EXERCISE DIRECTIONS
Repeat the records below exactly, beginning at the first line and finishing with the line that contains "The Well Dressed".

SOURCE MATERIAL
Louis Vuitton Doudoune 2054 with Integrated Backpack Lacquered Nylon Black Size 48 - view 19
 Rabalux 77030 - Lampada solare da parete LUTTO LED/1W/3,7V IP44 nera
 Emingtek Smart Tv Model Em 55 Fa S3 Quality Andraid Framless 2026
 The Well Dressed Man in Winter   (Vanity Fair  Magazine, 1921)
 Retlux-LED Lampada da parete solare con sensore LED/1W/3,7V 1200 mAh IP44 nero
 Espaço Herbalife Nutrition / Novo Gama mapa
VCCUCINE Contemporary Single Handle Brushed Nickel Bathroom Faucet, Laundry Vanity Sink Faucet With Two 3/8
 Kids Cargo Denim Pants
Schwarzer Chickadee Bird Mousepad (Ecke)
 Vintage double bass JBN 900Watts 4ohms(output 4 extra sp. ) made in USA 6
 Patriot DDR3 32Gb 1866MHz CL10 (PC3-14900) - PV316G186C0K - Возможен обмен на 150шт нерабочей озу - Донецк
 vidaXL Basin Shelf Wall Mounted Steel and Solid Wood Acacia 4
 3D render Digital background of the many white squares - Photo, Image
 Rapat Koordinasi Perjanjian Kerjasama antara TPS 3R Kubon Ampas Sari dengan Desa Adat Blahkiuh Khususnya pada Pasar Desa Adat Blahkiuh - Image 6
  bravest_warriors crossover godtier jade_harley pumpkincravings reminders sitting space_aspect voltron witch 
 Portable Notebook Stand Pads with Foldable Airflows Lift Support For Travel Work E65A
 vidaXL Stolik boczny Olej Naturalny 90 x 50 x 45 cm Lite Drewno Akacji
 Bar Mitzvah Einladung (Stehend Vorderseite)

SOLUTION BELOW
Louis Vuitton Doudoune 2054 with Integrated Backpack Lacquered Nylon Black Size 48 - view 19
 Rabalux 77030 - Lampada solare da parete LUTTO LED/1W/3,7V IP44 nera
 Emingtek Smart Tv Model Em 55 Fa S3 Quality Andraid Framless 2026
 The Well Dressed Man in Winter   (Vanity Fair  Magazine, 1921)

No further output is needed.